— Work task —
Could you please reproduce all the records below exactly, leaving out the images?

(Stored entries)
▼▼▼
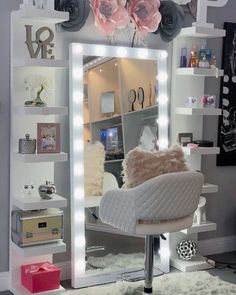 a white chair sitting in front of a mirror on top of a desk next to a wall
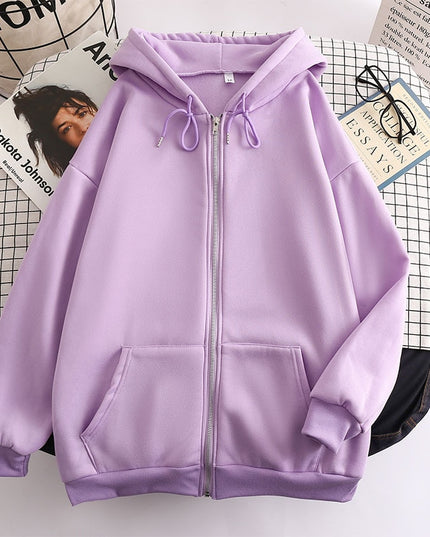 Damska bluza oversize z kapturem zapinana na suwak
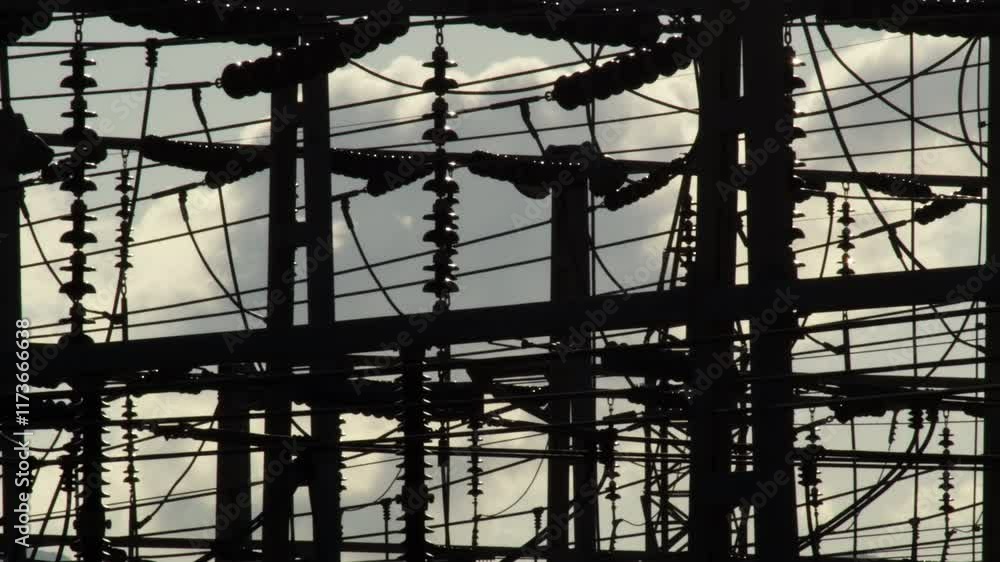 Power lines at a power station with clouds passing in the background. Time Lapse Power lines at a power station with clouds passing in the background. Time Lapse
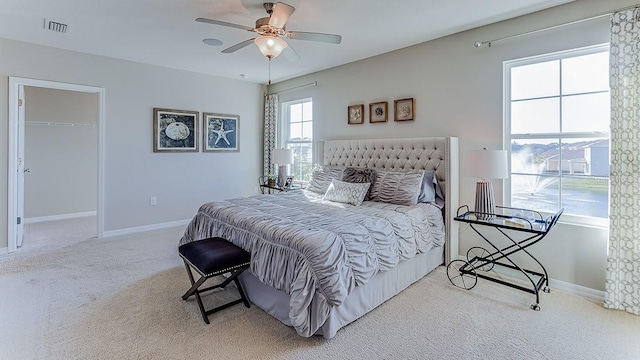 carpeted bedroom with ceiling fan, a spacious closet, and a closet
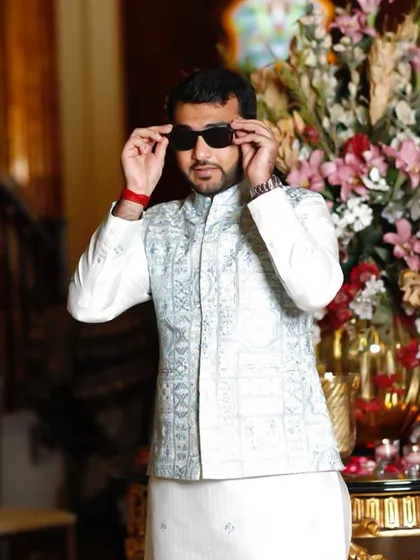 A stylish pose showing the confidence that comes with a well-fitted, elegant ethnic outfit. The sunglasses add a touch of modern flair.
▲▲▲
— Response box —
 a white chair sitting in front of a mirror on top of a desk next to a wall
 Damska bluza oversize z kapturem zapinana na suwak
 Power lines at a power station with clouds passing in the background. Time Lapse Power lines at a power station with clouds passing in the background. Time Lapse
 carpeted bedroom with ceiling fan, a spacious closet, and a closet
 A stylish pose showing the confidence that comes with a well-fitted, elegant ethnic outfit. The sunglasses add a touch of modern flair.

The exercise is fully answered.